Din ve Düşünce Yaşamı :
- İslamiyetin doğuşu sırasında Çin'de Taoizm, Konfüçyizm ve Budizm yaygın olan dinlerdir.
- Tao dini, Lao-Tzu (Lav Dzı) adındaki bir filozof ve din adamı tarafından ortaya atılan düşüncelerden doğmuştur. Lau-Tzu'ya göre, "evren bir yaratıcının eseridir; o da Tao'dur." Tao, evrenin "yolu, düzeni, yasası" anlamına da gelir. İnsanın somutlaştırdığı ya da yaşama geçirdiği bilgelik yolu da Tao'ya yönelmekle olur. Tao'nun yoluna yönelen bilge kişi onunla birlik ve uyum içinde olmak durumundadır.
- Konfüçyus, Çin'de yetişen filozof ve din adamlarından biridir.
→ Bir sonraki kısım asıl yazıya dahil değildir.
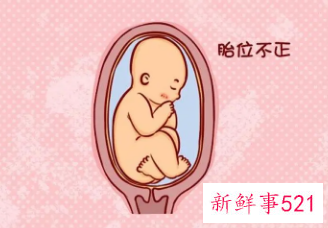 臀位转头位什么感觉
Çin'in karışıklık içinde bulunduğu bir dönemde, yeni bir ahlakî düşünce ortaya atarak kötülükleri önlemeye çalışmıştır, Ortaya koyduğu siyasî, toplumsal ve ahlakî düşünceler, Çin uygarlığının gelişmesinde önemli rol oynamıştır. İnsanların eşitliğine inanan Konfüçyüs'e göre devlet yönetimi ile ahlak özdeşleşmelidir. Devlet ahlak kurallarına uyularak yönetilirse amacını gerçekleştirebilir. Kişiler erdemli olmak ve dürüst yaşamak zorundadırlar. Ancak bu yolla huzura ve mutluluğa ulaşılır.
- Hindistan'da ortaya çıkan Budizm, 6.yüzyıldan itibaren Çin'de yayılmaya başlamış ve bu ülkenin dinsel yaşamında etkili olmuştur.
JAPONYA
Siyasi ,Sosyal ve Ekonomik Durum :
- Japonya, büyük ölçüde Çin uygarlığının etkisinde kalmıştır.
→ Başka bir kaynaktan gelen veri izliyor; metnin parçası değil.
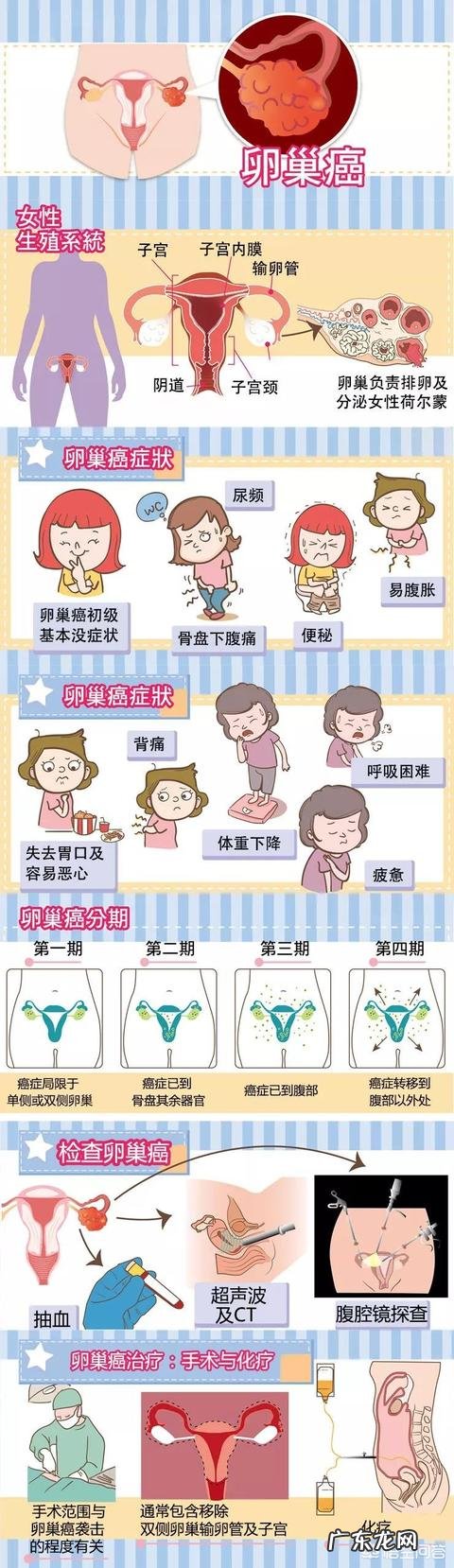 卵巢肿瘤的早期症状如何预防卵巢肿瘤?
- Güçlü bir merkezî yönetimin olmayışı, derebeylik sisteminin doğmasına neden olmuştur.
- İslamiyetin ortaya çıktığı 7.yüzyıl başlarında Japonya, bulunduğu bölgede siyasî yönden güçlü değil,ekonomik yönden de gelişmemiş bir ülkedir.
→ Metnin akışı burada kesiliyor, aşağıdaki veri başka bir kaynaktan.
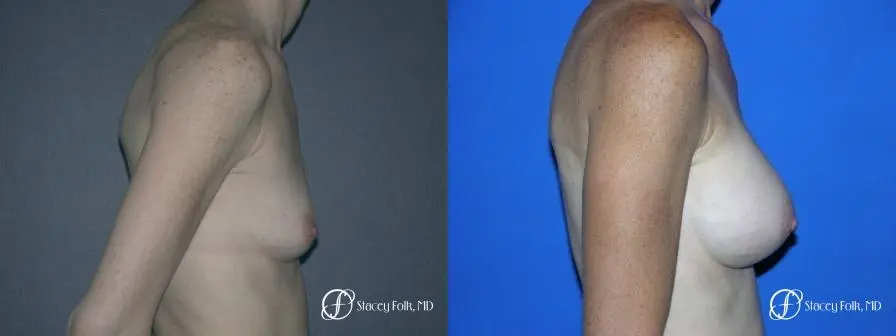 Denver Breast Augmentation 12 - Before and After 3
- Japon ekonomisinin temeli tarıma ve özellikle de pirinç üretimine dayanırdı. Ayrıca balıkçılık da halkın önemli bir geçim kaynağını oluştururdu.
Din ve Düşünce Yaşamı:
- Çin ile ilişkileri sonucunda Japonya'da Taoizm, Konfüçyizm ve Budizm benimsenmiştir.
- Japonların ulusal dinleri, "Tanrıların Yolu" anlamına gelen Şintoizm idi. Şintoizm; ulusal, çok tanrılı ve diğer dinlere tepki göstermeyen bir dindir. Doğa güçlerine ve ruhlara tapınma inancı, bu dinin en belirgin özelliğidir.
İSLAMİYET ÖNCESİ ARAP YARIMADASI
İslamiyet Öncesi Arap Yarımadasında Kurulan Devletler
a. Güney Arabistan Devletleri
1.Main Devleti
2.Seba Devleti
3.Himyeri Devleti
b. Kuzey Arabistan Devletleri
1.Nebatlılar
2.Gassaniler
3.Hire Beyliği
Araplar Şehre Medine dediklerinden şehirde yaşayanları da medeni olarak adlandırmışlar. Çölde göçebe yaşayanlara ise bedevi demişlerdir. Bedevi Arapların başlıca gelir kaynağı deve, at ve küçükbaş hayvanlardan elde edilen ürünlerdi. Tarım daha çok Yenen'de, Medine çevresinde ve vahalarda yapılıyordu. Ticaretin merkezi ise Hicaz'dı. Mekkeli tüccarlar Uzak Doğu'dan gelen malları kervanlarla Şam'a ve Suriye limanlarına ulaştırıyorlardıl.
UKAZ PANAYIRI
İslamiyet'in ortaya çıktığı sırada Arabistan'da en çok konuşulan dil Arapçaydı. Arapça, Simi dilleri ailesindendir. Araplar, haram aylar olarak kabul ettikleri dört ayda (zilkade, zilhicce, muharrem ve recep) savaş yapmıyorlardı. Haram aylarda Mekke çevresinde "Ukaz" denilen bir panayır kurup burada ticaret yapıyor, spor karşılaşmaları ve eğlenceler düzenliyorlardı. Kâbe ziyaret ediliyor, şiir yarışmaları yapılıyordu. Dereceye giren şiirler Kâbe duvarına asılırdı.